The German parliament has voted in favor of the EU’s permanent bailout scheme and more lenient budget rules. Chancellor Merkel has been criticized with making a U turn in policy, easing borrowing costs on flagging banks without additional austerity.

"Today Germany, with the approval of the fiscal pact and the ESM [European Stability Mechanism] by all parties in both houses of parliament, will send an important signal … that we are overcoming the European debt crisis in a sustainable way," Chancellor Merkel said, addressing the Bundestag prior to the vote.

Members of Merkel’s two main opposition parties also backed the decision. Their support was needed as the fiscal pact stipulates changes to the German constitution and as such requires more than two thirds approval in parliament.

Merkel did minor opposition from euro skeptics within her own Christian Democratic party, however.  Party member Klaus-Peter Willsch said the new measures would result in "Germany being liable for everyone".

The vote came hot off the back of an EU summit in Brussels that Merkel described as a “breakthrough” in terms of the future of the eurozone economy. During the summit EU leaders agreed on more tools to combat the swelling eurozone financial crisis, namely less stringent borrowing costs for Spanish and Italian banks.

Additionally, they introduced measures geared at allowing Brussels to recapitalize banks directly in the future, thus avoiding taxes that would be incurred if the loans went through nations’ governments.


Democracy under threat?

Beatrix Von Storch, spokesperson for the Civil Coalition Movement, told RT that the new measures were a “threat to democracy in Germany and Europe” and they are “not backed by the majority of the people.”

“The parliament is voting down democracy and handing over the power of the people to an unelected government, the ESM board of governors,” she stressed

She added that she did not understand why German policy makers were pushing ahead with a policy that uses German taxpayers’ money to bail out Europe.

“This cannot work; even Germany is not able to pay off all the debts in Europe,” she said, adding that the real problem was not being addressed and that Brussels was just paying off debts that will be “replaced tomorrow.”

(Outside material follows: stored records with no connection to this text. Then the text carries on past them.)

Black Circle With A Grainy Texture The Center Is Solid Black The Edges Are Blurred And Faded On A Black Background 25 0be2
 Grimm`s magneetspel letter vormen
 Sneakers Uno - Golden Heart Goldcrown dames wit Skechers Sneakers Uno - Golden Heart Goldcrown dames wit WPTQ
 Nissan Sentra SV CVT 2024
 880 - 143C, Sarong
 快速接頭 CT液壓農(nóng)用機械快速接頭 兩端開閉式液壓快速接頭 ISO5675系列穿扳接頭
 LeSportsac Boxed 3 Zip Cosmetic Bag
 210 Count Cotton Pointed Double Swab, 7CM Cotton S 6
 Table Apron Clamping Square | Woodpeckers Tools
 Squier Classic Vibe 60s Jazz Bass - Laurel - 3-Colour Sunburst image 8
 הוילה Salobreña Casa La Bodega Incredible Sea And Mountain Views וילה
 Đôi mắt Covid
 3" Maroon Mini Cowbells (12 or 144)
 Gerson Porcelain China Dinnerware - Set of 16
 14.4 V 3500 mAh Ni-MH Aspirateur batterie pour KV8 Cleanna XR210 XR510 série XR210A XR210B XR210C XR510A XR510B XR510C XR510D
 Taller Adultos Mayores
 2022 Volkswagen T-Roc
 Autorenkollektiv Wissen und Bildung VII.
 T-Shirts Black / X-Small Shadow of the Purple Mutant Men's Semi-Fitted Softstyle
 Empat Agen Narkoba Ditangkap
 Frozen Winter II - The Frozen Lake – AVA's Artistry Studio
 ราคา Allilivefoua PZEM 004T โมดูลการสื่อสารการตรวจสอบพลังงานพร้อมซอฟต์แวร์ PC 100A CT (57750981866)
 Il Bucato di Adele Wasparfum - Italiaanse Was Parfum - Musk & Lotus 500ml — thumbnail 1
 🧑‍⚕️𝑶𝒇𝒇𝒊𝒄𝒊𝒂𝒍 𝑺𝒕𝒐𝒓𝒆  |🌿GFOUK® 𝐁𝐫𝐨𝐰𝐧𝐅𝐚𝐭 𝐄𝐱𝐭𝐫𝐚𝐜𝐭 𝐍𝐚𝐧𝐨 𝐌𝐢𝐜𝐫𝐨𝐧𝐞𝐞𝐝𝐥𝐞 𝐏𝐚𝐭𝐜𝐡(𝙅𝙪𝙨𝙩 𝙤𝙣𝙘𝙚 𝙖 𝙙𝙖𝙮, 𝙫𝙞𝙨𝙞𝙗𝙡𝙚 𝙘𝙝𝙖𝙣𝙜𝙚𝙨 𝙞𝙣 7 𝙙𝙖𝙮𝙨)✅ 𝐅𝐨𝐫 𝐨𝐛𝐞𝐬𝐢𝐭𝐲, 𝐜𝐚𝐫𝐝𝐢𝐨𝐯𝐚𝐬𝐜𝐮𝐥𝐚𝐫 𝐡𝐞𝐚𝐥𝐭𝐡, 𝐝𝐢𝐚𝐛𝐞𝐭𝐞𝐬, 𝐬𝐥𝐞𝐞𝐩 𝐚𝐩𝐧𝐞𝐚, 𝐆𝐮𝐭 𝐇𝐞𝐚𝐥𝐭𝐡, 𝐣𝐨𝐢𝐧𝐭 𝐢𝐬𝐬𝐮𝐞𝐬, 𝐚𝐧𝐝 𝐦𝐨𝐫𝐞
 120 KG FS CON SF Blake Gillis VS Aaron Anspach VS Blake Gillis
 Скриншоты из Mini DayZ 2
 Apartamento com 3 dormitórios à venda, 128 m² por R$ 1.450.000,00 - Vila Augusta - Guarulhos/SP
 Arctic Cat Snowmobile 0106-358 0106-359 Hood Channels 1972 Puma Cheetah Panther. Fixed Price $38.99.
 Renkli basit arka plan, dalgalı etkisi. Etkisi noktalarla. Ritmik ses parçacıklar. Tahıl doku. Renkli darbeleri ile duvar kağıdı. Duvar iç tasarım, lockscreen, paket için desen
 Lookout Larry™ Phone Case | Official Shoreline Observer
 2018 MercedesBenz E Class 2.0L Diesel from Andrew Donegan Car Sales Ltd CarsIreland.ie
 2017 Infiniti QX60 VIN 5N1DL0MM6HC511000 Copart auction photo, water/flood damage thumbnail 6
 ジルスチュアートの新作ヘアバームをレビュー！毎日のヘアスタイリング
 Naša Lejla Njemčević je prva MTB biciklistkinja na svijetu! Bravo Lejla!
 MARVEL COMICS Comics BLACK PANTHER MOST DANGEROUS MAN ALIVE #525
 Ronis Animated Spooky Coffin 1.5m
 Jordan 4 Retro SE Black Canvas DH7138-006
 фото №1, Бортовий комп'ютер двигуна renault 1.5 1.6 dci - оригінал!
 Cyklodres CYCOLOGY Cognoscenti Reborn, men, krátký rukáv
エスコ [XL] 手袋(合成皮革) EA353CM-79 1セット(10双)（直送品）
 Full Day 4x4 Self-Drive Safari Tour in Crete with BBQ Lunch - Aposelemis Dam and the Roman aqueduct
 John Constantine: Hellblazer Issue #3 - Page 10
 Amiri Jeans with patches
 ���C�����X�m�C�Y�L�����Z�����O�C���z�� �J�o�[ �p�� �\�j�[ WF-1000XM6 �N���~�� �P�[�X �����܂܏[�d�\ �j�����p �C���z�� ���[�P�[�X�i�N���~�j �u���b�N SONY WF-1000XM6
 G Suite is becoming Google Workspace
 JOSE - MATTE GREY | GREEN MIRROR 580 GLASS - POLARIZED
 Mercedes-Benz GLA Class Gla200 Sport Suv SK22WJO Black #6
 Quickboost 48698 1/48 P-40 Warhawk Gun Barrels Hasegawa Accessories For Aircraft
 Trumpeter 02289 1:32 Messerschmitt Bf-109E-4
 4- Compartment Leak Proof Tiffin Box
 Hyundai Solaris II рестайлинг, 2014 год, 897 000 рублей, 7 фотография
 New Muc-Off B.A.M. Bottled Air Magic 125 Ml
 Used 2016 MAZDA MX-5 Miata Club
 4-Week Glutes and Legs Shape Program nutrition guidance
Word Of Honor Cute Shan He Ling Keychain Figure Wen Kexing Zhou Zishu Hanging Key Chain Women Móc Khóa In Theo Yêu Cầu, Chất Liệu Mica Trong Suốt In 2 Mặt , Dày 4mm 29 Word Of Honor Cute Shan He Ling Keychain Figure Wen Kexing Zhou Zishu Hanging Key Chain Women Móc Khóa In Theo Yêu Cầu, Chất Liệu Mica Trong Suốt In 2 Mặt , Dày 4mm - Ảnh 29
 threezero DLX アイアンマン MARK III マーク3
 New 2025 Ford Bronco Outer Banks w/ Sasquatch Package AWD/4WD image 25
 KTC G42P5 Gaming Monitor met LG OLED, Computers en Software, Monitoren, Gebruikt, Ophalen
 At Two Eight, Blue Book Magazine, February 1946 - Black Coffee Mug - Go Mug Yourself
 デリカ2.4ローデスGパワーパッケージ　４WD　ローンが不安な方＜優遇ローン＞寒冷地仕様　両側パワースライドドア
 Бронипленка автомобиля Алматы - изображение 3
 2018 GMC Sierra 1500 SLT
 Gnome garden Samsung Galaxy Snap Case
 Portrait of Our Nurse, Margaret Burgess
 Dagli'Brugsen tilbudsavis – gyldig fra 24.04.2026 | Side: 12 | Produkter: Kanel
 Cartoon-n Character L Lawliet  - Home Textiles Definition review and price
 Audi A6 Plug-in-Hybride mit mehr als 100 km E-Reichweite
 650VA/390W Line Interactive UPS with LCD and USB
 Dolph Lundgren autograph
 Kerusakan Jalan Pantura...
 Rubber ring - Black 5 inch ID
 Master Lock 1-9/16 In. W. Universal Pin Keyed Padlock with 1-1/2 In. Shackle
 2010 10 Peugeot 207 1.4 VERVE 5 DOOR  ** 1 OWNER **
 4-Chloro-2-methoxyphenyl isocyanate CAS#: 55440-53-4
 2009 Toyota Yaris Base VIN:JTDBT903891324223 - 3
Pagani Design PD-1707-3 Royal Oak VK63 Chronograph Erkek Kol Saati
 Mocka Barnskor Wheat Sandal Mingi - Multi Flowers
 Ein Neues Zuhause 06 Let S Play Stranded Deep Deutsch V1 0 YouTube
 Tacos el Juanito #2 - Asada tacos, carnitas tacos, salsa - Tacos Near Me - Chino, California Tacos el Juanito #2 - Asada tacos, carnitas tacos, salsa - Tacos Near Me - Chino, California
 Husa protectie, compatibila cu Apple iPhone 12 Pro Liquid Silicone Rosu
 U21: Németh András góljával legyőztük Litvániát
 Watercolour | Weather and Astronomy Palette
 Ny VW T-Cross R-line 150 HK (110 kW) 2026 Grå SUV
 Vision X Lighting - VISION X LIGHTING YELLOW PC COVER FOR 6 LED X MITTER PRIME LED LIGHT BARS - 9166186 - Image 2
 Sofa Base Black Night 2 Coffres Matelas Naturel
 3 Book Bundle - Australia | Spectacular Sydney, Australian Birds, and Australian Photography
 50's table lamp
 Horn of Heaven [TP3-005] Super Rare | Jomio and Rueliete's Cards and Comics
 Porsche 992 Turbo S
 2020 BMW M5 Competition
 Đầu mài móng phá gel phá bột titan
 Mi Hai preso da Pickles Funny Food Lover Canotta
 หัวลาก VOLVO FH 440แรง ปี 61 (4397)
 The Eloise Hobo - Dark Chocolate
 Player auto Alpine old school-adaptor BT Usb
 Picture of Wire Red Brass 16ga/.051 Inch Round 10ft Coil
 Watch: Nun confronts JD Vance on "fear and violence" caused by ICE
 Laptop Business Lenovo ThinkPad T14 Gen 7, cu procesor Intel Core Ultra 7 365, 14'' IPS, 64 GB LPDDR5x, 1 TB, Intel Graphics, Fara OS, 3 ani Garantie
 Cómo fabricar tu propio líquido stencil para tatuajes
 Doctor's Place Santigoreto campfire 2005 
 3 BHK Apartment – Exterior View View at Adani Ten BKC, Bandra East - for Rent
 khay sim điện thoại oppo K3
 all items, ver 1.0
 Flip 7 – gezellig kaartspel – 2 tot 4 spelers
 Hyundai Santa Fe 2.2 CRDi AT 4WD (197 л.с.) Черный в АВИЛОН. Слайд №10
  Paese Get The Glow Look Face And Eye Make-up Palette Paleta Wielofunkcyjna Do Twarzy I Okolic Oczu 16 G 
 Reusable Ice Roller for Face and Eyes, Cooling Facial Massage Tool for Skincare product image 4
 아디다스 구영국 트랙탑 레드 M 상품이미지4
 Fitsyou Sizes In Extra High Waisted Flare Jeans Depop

“Bailout not enough to promote growth”

Dr Jack Rasmus from St Mary’s college in California called Brussel’s attempt to encourage growth through cash injections into EU banks a

“temporary move.”

Citing the example of the US economy for the past three and a half years, he told RT that although the banks were stabilized, there was no economic growth in spite of “massive liquidity injections directly into banks.”

“As long as that growth does not occur it’s going to feedback and exacerbate both the banking and the sovereign debt crisis,” he concluded.